Letting the reader in on the reporting process

Posted on November 29, 2010 by Janet Coats

As my family sat around me on Saturday night, watching a television, I was squinting at my iPhone, thoroughly engrossed in a New York Times story about an online purveyor of eyeglasses who was building business off of negative buzz.

The story was so fascinating I read all eight pages of it on my phone, and then handed it to my husband. “Here, you have to read this,’’ I nudged him.

The premise of the story – that a business drawing heavy negative comments from customers could parlay that volume into a leading position in Google results for relevance and popularity, thus drawing even more business – was absolutely fascinating. The phenomenon made perfect sense, when I considered it; it just wasn’t a concept I’d ever considered.

Clearly, I wasn’t alone in my fascination. On Monday afternoon, the story was still the third-most emailed on the Times website – and this on the day after the WikiLeaks story broke.

What was even more fascinating was the quality of the more than 300 comments the story drew. These were the best kind of comments – the kind that turn into a considered discussion. There were those who were appalled that this businessman could behave as he had with little consequence. And there were others who made a quite reasoned argument that those who are going to use search to find online vendors had best do some research into the business’ reputation before handing over a credit card.

Part of what drew readers to the story was the subject matter, and the timing. At this point, you pretty much have to live in a cave not to have committed some kind of act of commerce online. And the holidays draw even those of us who are infrequent online shoppers to the Internet for convenience or to search for an elusive gift. The story resonated; many readers had to be thinking, “ Could this happen to me? Am I careful enough about how I shop online?”

Beyond the relevance test, though, there was something else that spoke to me. The voice of the story gave it real authenticity.

Usually, The New York Times – and most traditional newspapers – speak in the Voice of God. That is, you don’t see the reporter or hear him talk about his methodology.  Traditional journalists have been trained to think that this approach gives them authority – the authority of objectivity.

What I loved about this story was that we did hear reporter in it, and the way he used his voice was just masterful.

Reporter David Segal drew you into the story with the rather traditional premise of a consumer watchdog piece: Meet a person, much like you, who has had this awful experience with a purchase and has fallen into a bureaucratic nightmare where no one is responding to her plight.

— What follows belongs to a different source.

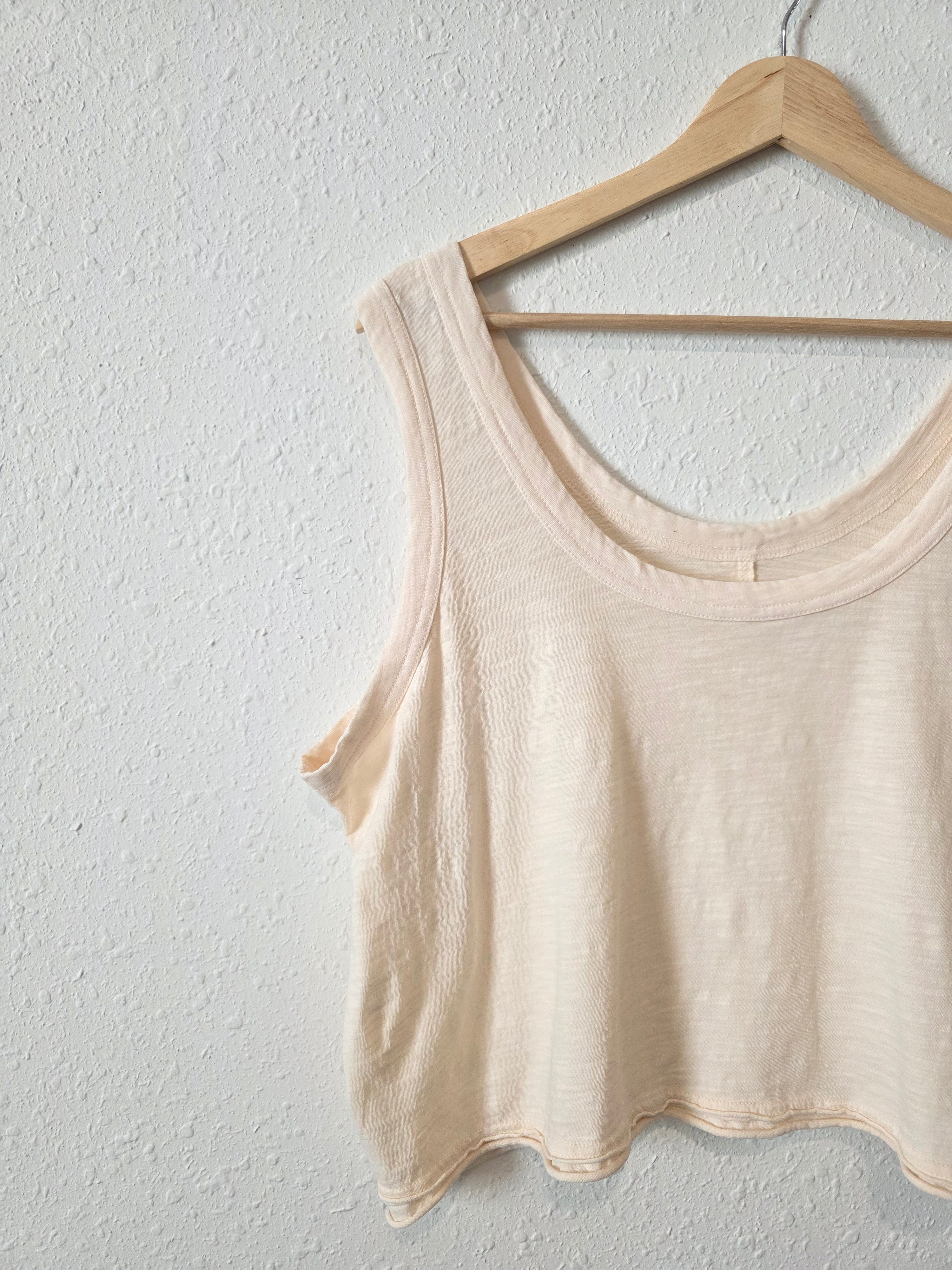 Anthropologie Cream Crop Tank (L)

As the story progresses, Segal starts to let the reader in on some of the questions he’s asking but not getting answers to. He starts to draw back the curtain a little, laying out the inquiries he’s making and the frustration of getting either no responses or inadequate ones.

And then, halfway through the story, he introduces the reader to the online businessman in question. And he does it in first person, telling the reader “I am standing’’ on the man’s doormat as he attempts to talk to him face-to-face.

He succeeds, and what ensues is an account of their conversation – and it reads just like that. It doesn’t read like an interview. It doesn’t read like reported material. It reads like you are listening in on a conversation – a conversation that the reporter clearly finds as incredulous as you do as a reader. Mr. Segal has been a regular contributor to the radio program “This American Life,’’ and reading this story felt like radio, like hearing someone tell you a fantastic tale. Reading along, you could almost hear Segal’s aside: “And if you think that’s something, wait until I tell you this!”

Commenters on the story talked about what a great piece of investigative journalism this is, and I agree. But I think what resonated wasn’t just the facts Segal dug out; it was the way he included all of us as readers in that digging. It felt real, it felt authentic, and we felt invested in what he was learning.

As I’ve been contemplating voice in these last few posts, I’ve been asking myself whether voice really matters that much in a world where data increasingly is the coin of the realm. A piece like this one is a good reminder that it isn’t just the data; it’s involvement and investment in where the data leads – in how you tell the story --  that makes journalism a distinct and worthwhile craft.